Next, we discuss the definition of the environment. An example with individual objects and their arrangement is illustrated in Figure 11 for dataset rm3. The contained object models range from simple clean-cut geometries to complex folded cloth meshes. The models are either generated by ourselves or downloaded from the 3D model website TurboSquid (https://www.turbosquid.com/). We reduce the face and vertex resolution of each object to minimise physical size without damaging the quality of the shapes. The transformation matrix (i.e., pose) of each semantic object is stored along with its class label in an individual file. We also provide one .obj model for each added type of object and the empty room.

4.3. Dataset Toolset

We open-source our scripts for the generation and noise addition of datasets under the link https://github.com/CaoYuchen/SSS-dataset. The purpose is to supersede complex manual operations in Blender and merge our data processing methods with the Blender API and also provide realistic sensor noise processing for RGB and depth data. The scripts also allow users to simply tune input parameters for the generation of customised datasets. We expect it can be furthermore used in-the-loop inside a (non-real-time) Spatial AI system that operates by the analysis-by-synthesis paradigm. Figure 12 explains the entire pipeline of our dataset generation scripts.

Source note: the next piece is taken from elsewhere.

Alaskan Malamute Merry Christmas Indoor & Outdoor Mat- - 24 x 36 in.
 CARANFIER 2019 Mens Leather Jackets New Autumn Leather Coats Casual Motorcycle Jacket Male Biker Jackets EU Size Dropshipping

Table 3. Average durations for single image rendering.

	RGB	Depth	Seg
rm1	5.07	4.75	2.31
rm2	5.07	1.79	1.15
rm3	10.17	8.89	4.72
rm4	7.87	7.19	1.29
rm5	6.57	6.54	2.89
RGB noise	5.02	Depth noise	16.32

demonstrates the average durations in unit seconds to generate a single image. The last row demonstrates the RGB and depth noise processing time for each image. The time measurements are recorded on a Windows 10 system with an eight-core i7-7700 CPU and a GTX 1050Ti.

4.4. Evaluation Metrics

The proposed metrics for Spatial AI systems evaluate all aspects of the Hybrid Graphical Representations introduced in Section 3.1. This includes the quality of the poses of the virtual sensor setup for every image in the sequence, the correctness of a label distribution over the identified objects in the environment, and the correctness of the class, pose, and shape for every correctly identified object in the environment. In the following, we will introduce all evaluation aspects along with their metrics.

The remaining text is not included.